= Grant Taylor (skateboarder) =

American professional skateboarder (born 1991)

Grant Taylor (born October 30, 1991) is an American professional skateboarder. He is the son of former professional skateboarder Thomas Taylor and won Thrasher Magazine's Skater of The Year in 2011. Grant's style of skateboarding is known to be fast and powerful. He is recognized for his unique versatile skateboarding.

==Early life==
Taylor was born in Atlanta, Georgia. Grant began skateboarding at the age of six. He began competing in amateur competitive skateboarding contests in the early 2000s, and in 2004 Grant took home second place at the Phoenix Am. Volcom noticed that Grant was incredibly talented early in his career, and began sponsoring him at an early stage in his skateboarding career. It is said that Grant's father, Thomas Taylor, has had a profound influence on Grant's introduction to skateboarding. Remy Stratton is quoted as saying “Several years later when he was six, Thomas began bringing him (Grant) to the vert sessions at Surf Expo in Orlando, FL. Grant would start from the bottom while we watched from the decks and the crowds cheered. Then he just dropped in and the crowd went nuts. Everyone loved Grant. He was determined to shred, even at this age, he fit in and was embraced by all.” In an article titled “The Greatness of Grant Taylor”, written by Chris Nieratko, he demonstrates that Thomas’ lax mentoring style was evident when Grant and his father skateboarded together, stating “When I went to visit them in the late '90s, I watched them shoot a doubles photo on their then miniramp with Grant blasting over his dad's lip trick. Later they went downtown and shot a doubles street photo at Bell South. In an age where skate dads are more militant coaches than bros, Thomas was always more of a skate homie than a trick choreographer”. In the same article, Nieratko also comments on how influential Thomas has been on Grant's life in skateboarding, saying “It's thanks to Thomas that we have Grant in our lives, both literally and figuratively. Thomas taught young Grant to skate everything at a very early age”.

==Family==
Grant's father, Thomas Taylor, has had a profound impact on the skateboarding industry. Thomas Taylor is credited with formulating and operating Atlanta's first skateboard shop “Stratosphere" in Little Five Points. His mother, Rachael Taylor, was a full-time stay-at-home mom raising Grant as well his two sisters, McKenzie and Sarah. He married Lillian Jane Taylor (née Morgan) on Saturday, September 9, 2017 in Atlanta, Georgia.

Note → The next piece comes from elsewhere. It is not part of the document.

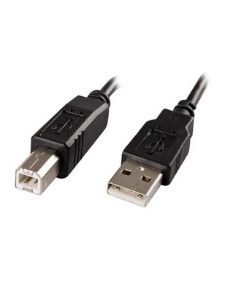 CABLE PARA IMPRESORA USB A/B 2.0 2M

==Professional skateboarding==
Taylor is "goofy"-footed and attained professional status in 2009, shortly after his acclaimed appearance in Nike SB's skateboard film, Debacle. He is recognized as representing the epitome of a new breed of skateboarder, blending contemporary style with the older traditions of skateboarding. He is known for his versatile riding, not shying away from various forms of skateboarding. He was born in Atlanta, Georgia and currently resides in Los Angeles, California.

==Sponsors==
Taylor's sponsors are Monster Energy Drink, Anti-Hero, Independent, Thrasher Magazine, Stratosphere Skateshop, Shake Junt, Nike SB, Modus and Spitfire.

==Contest history==
Along with members of the Nike SB Team, Taylor won Thrasher's "King of The Road" contest in 2010 and also participated in the 2011 competition.
Grant also won the silver medal in the skateboard park competition for the 2014 summer X-Games in Austin, TX.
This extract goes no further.